このようにディスプレイメーカー各社がこぞって折りたたみディスプレイの製造・開発を始めていることから、今後他のスマホメーカーも折りたたみスマートフォンを手掛けることは間違いないだろう。
Samsungと並ぶディスプレイメーカーでもあるLGは、残念ながら今回のMWCでは折りたたみディスプレイを採用したスマホを発表しなかった。その代わり、外付けディスプレイケースを取り付けてデュアルディスプレイ化できる「V50 ThinQ 5G」を発表している。
このV50 ThinQ 5Gは、韓国のキャリア「LG U+」が4月からサービスを開始する5G向けマルチビューストリーミング放送に対応している。
このマルチビューストリーミング放送では、ディスプレイの2枚に別々の映像を流す。例えば野球の試合中継では片方の画面は「バッター」、もう片方の画面は「グラウンド全体」を映すといった形で、異なる2つのアングルを同時に見ながら試合を楽しめる。
あるいはK-POPアイドルの放送ならメンバー全員のダンスシーンを片側に、そしてもう片側では自分の好きなメンバーだけを映すことができる。映像を指先でピンチして拡大することもできる。
このマルチビューストリーミング放送は、5Gの高速通信環境を利用するからこそ実現できるサービスである。
このサービスはGalaxy Foldのディスプレイを開いたときにも、1枚の画面を2つに分割表示する形で利用することもできるだろう。
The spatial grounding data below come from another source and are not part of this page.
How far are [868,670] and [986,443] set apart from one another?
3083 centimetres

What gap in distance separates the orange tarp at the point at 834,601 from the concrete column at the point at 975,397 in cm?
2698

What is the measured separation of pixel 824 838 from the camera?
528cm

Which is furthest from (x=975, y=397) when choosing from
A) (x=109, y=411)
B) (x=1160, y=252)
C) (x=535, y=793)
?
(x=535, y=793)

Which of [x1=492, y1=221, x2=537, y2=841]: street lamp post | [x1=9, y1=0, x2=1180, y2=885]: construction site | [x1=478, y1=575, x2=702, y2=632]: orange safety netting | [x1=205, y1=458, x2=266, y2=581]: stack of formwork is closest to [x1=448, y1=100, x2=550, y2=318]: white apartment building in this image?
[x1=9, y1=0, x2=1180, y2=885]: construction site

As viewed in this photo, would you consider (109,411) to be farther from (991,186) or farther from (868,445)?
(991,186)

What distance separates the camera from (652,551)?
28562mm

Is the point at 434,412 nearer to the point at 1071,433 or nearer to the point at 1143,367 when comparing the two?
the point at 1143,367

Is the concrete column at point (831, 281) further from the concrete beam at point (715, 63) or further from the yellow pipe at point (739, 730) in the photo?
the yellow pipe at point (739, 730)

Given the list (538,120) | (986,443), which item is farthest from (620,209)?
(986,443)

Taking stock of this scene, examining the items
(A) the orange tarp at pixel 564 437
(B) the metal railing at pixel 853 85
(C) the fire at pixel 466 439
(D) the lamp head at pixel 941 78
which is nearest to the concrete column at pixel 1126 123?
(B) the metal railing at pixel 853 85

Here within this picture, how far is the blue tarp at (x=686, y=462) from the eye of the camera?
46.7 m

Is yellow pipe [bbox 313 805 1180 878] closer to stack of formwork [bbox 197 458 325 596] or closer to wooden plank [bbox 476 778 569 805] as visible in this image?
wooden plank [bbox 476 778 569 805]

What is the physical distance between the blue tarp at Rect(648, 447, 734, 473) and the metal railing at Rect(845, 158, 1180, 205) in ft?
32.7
5G通信環境下であれば、折りたたみスマホを開いて大きい画面にして高精細なストリーミング動画を楽しむことはもちろん、先ほどのLG U+のサービスのように2枚の画面を組み合わせた新しい放送サービスも楽しめるのである。恐らく、LGも2019年内に折りたたみスマホを投入し、LG U+と共にこのサービスの利用者拡大を図るだろう。
5Gサービスと折りたたみスマートフォンは相性がいいのである。
このように大手メーカーの動きが目立っている折りたたみスマホだが、MWCではマイナーメーカーも市場参入を表明している。
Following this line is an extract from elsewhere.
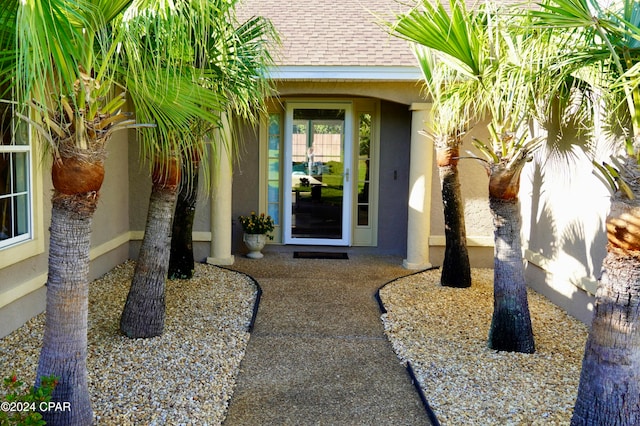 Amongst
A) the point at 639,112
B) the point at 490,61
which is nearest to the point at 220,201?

乾電池メーカーとして知られるEnergizer(エナジャイザー)は、5G対応折りたたみスマホのモックアップを展示していた。Energizerのスマートフォンは中国のODMメーカー製のものもあり、この折りたたみスマホも恐らくどこかのODMメーカーが製造するものだと思われる。
つまり、中国のODMメーカーの一部はすでに相手先ブランドで折りたたみスマホの製造開始準備を進めており、その1社がEnergizerということなのだろう。
すなわち折りたたみスマホは一部のトップメーカーからだけではなく、2番手や3番手などのマイナーメーカーからも登場する可能性があるわけだ。2019年後半以降、折りたたみスマホは各社のフラッグシップモデルとしてメジャーな製品になっているかもしれない。